Why Manchester United Are Right to Stick to Their Guns over Wayne Rooney
Listening to manager David Moyes in the press conference theatre at Wembley on Sunday, he sounded like a man in control.
After enquiries about the Community Shield and Wigan, the inevitable question about Wayne Rooney came. The answer was simple; "he's not for sale."
It was the same in Australia, in Japan and again in Hong Kong. And without wanting to spoil the surprise, the answer will be the same when Moyes holds his pre-Swansea press conference this week.
It's because, despite working in an age of player power, he holds all the cards.
Should Man United sell Wayne Rooney this summer?
Rooney has two years left on his contract, and if United don't want to sell, they don't have to. The power Moyes holds now will diminish with each passing transfer window until Rooney is allowed to leave for free. But this summer, what Moyes says goes.

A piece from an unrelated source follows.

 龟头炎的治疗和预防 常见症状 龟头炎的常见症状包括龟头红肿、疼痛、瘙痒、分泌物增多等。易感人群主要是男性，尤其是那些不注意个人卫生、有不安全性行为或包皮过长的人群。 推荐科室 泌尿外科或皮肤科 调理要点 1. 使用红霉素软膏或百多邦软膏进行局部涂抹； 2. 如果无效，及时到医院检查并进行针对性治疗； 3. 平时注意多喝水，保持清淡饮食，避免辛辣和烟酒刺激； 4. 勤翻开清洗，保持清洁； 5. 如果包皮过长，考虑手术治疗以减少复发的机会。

His logic, mirrored by that of the Glazer family, might be different if it was a foreign club doing the bidding. But to sell to a Premier League rival, and one who will challenge for the title, is unthinkable.
Like the wild Twitter rumours of celebrity deaths, stories of Rooney's demise have been greatly exaggerated. His 16 goals last season was his joint-lowest total since he moved to Old Trafford from Everton in 2004, but he only made 37 appearances, the fewest of any season during his United career.

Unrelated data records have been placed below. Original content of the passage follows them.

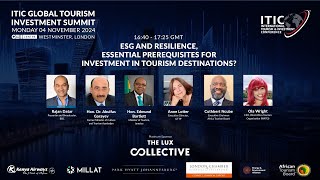 ESG and resilience, essential prerequisites for investment in tourism destinations?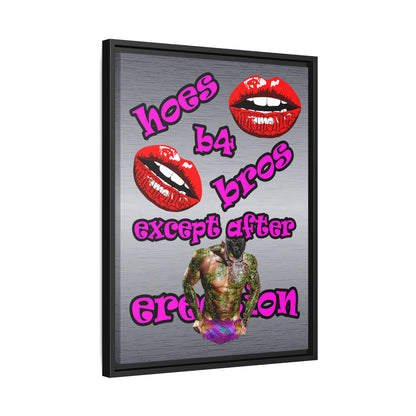 hoes b4 bros - framed canvas art (brushed nickel)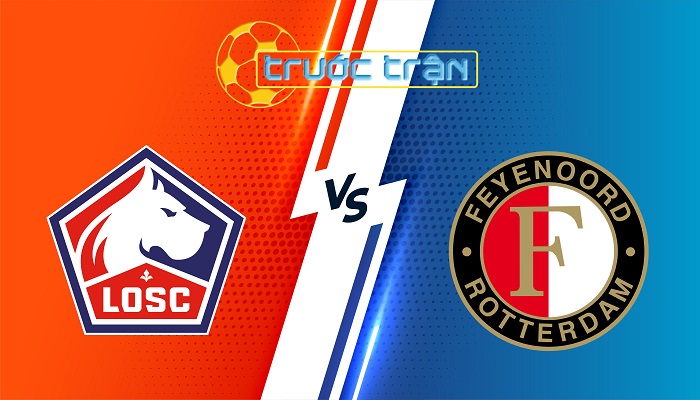 Lille vs Feyenoord – Soi kèo hôm nay 03h00 30/01/2024 – Champions League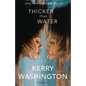 Thicker Than Water: A Memoir - Hardcover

He suffered a gashed leg in August and a knee injury in December. When he was fit, he wasn't always at his best. However, he was always available to do the dirty jobs, like playing out of position against Real Madrid in the Bernabeu for the good of the team.
The memory can often play tricks, too. The 3-2 win at the Etihad Stadium in December is remembered for Van Persie's last-minute free-kick, but it was Rooney's goals that put United up 2-0 at halftime.

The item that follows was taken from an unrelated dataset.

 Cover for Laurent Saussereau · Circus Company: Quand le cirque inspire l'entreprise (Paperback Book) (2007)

Moyes and the Glazers have made a decision not to buckle to player power. It's a risk that could see them lose a £40m player for free in two years. But it's more of a gamble to sell a world-class striker to Chelsea, where he could quite conceivably score 30 goals and win the Premier League.
United are not in the business of selling their best players, particularly ones at the height of their powers, and especially not to domestic rivals.
Moyes will know that a lot can change in two years and that it's still possible for Rooney and the club to reconcile.
If not, United will ultimately lose the war. But not before they've won a number of battles first.